Meta Platforms shareholders have made a decision to reject a proposal that would have seen the company add Bitcoin to its substantial $72 billion cash reserves. The vote, which took place at the annual meeting on May 30, saw 4.98 billion shares voted against the measure, with only 3.92 million in favor.
Abstentions accounted for 8.86 million shares, while brokers chose to withhold votes on 204.77 million shares. With less than 0.1% of the total votes cast in favor of the proposal, it fell significantly short of the required threshold for passage.

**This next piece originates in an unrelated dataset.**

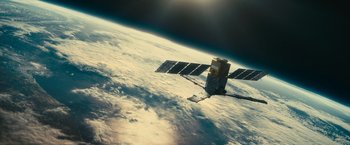 Movie still from “Oceans” (2009), directed by Jacques Cluzaud – An image of a satellite in the sky above the earth; Extreme Wide shot, Low angle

The proposal, put forward by Ethan Peck of the National Center for Public Policy Research, aimed to address concerns about the effectiveness of bonds by suggesting that Meta convert a portion of its surplus cash into Bitcoin. Peck highlighted Bitcoin as an inflation hedge, pointing to its price appreciation in 2024 compared to modest bond returns.
Prior to the vote, Strive Asset Management CEO Matt Cole publicly urged Meta CEO Mark Zuckerberg to adopt a “bold corporate Bitcoin treasury approach” during the 2025 Bitcoin Conference. He endorsed a “yes” vote on Proposal 13, emphasizing the potential benefits of incorporating Bitcoin into Meta’s financial strategy.
Bloomberg senior ETF analyst Eric Balchunas also weighed in on the matter, suggesting that Meta could potentially become the first US megacap company to embrace Bitcoin in this cycle. He posited that such a move would signal a broader acceptance of cryptocurrencies among large corporations.
Despite the efforts of advocates like Cole and Balchunas, the vote result indicates that Meta’s treasury will remain unchanged for now. Nevertheless, it underscores the ongoing efforts of crypto proponents to encourage major US companies to reconsider their stance on digital assets as regulatory clarity in the space improves.
The rejection of the Bitcoin treasury proposal by Meta’s shareholders serves as a reminder of the challenges faced by advocates seeking to influence the financial strategies of large-cap firms with traditional treasury frameworks. As the landscape of digital assets continues to evolve, it is likely that discussions around incorporating cryptocurrencies into corporate treasuries will persist.
Overall, the outcome of the vote signals that the dialogue between crypto advocates and corporate boards is far from over, with potential opportunities for revisiting digital asset policies on the horizon as the regulatory environment becomes more defined.